> [PROBLEM STATEMENT] Would you print every entry exactly as it appears?

> [Scraped caption text data]
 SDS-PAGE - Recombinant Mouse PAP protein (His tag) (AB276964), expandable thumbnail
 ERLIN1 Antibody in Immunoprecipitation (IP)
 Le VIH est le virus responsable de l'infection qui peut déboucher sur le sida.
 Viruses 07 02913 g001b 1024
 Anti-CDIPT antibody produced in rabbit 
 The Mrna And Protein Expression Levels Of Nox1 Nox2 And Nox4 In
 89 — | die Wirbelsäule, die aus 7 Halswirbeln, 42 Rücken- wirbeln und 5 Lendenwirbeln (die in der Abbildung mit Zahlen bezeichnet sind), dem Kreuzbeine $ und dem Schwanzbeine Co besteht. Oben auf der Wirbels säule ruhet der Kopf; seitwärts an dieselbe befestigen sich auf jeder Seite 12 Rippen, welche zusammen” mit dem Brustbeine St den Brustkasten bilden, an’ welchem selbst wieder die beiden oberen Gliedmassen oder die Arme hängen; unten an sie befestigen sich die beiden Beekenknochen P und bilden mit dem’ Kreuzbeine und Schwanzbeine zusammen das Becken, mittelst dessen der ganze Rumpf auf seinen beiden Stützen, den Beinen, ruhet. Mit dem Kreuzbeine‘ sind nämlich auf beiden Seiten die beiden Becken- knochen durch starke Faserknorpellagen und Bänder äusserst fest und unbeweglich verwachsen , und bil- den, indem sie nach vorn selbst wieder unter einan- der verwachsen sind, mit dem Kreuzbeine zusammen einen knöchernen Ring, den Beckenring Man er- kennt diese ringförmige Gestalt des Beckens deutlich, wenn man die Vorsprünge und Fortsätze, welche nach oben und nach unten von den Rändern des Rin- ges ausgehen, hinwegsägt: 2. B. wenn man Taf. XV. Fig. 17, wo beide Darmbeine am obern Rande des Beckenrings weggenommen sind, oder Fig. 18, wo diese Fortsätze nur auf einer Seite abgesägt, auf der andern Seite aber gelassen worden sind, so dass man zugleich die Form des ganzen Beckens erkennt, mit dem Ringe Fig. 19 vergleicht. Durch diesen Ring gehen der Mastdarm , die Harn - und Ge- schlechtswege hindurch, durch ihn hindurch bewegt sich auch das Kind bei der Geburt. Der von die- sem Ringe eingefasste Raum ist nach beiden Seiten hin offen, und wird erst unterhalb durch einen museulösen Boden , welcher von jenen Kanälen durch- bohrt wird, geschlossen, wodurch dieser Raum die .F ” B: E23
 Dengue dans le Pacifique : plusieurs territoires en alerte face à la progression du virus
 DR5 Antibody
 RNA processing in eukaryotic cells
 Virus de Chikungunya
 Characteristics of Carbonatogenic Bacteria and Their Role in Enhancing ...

> [EXPECTED OUTPUT]
 SDS-PAGE - Recombinant Mouse PAP protein (His tag) (AB276964), expandable thumbnail
 ERLIN1 Antibody in Immunoprecipitation (IP)
 Le VIH est le virus responsable de l'infection qui peut déboucher sur le sida.
 Viruses 07 02913 g001b 1024
 Anti-CDIPT antibody produced in rabbit 
 The Mrna And Protein Expression Levels Of Nox1 Nox2 And Nox4 In
 89 — | die Wirbelsäule, die aus 7 Halswirbeln, 42 Rücken- wirbeln und 5 Lendenwirbeln (die in der Abbildung mit Zahlen bezeichnet sind), dem Kreuzbeine $ und dem Schwanzbeine Co besteht. Oben auf der Wirbels säule ruhet der Kopf; seitwärts an dieselbe befestigen sich auf jeder Seite 12 Rippen, welche zusammen” mit dem Brustbeine St den Brustkasten bilden, an’ welchem selbst wieder die beiden oberen Gliedmassen oder die Arme hängen; unten an sie befestigen sich die beiden Beekenknochen P und bilden mit dem’ Kreuzbeine und Schwanzbeine zusammen das Becken, mittelst dessen der ganze Rumpf auf seinen beiden Stützen, den Beinen, ruhet. Mit dem Kreuzbeine‘ sind nämlich auf beiden Seiten die beiden Becken- knochen durch starke Faserknorpellagen und Bänder äusserst fest und unbeweglich verwachsen , und bil- den, indem sie nach vorn selbst wieder unter einan- der verwachsen sind, mit dem Kreuzbeine zusammen einen knöchernen Ring, den Beckenring Man er- kennt diese ringförmige Gestalt des Beckens deutlich, wenn man die Vorsprünge und Fortsätze, welche nach oben und nach unten von den Rändern des Rin- ges ausgehen, hinwegsägt: 2. B. wenn man Taf. XV. Fig. 17, wo beide Darmbeine am obern Rande des Beckenrings weggenommen sind, oder Fig. 18, wo diese Fortsätze nur auf einer Seite abgesägt, auf der andern Seite aber gelassen worden sind, so dass man zugleich die Form des ganzen Beckens erkennt, mit dem Ringe Fig. 19 vergleicht. Durch diesen Ring gehen der Mastdarm , die Harn - und Ge- schlechtswege hindurch, durch ihn hindurch bewegt sich auch das Kind bei der Geburt. Der von die- sem Ringe eingefasste Raum ist nach beiden Seiten hin offen, und wird erst unterhalb durch einen museulösen Boden , welcher von jenen Kanälen durch- bohrt wird, geschlossen, wodurch dieser Raum die .F ” B: E23
 Dengue dans le Pacifique : plusieurs territoires en alerte face à la progression du virus
 DR5 Antibody
 RNA processing in eukaryotic cells
 Virus de Chikungunya
 Characteristics of Carbonatogenic Bacteria and Their Role in Enhancing ...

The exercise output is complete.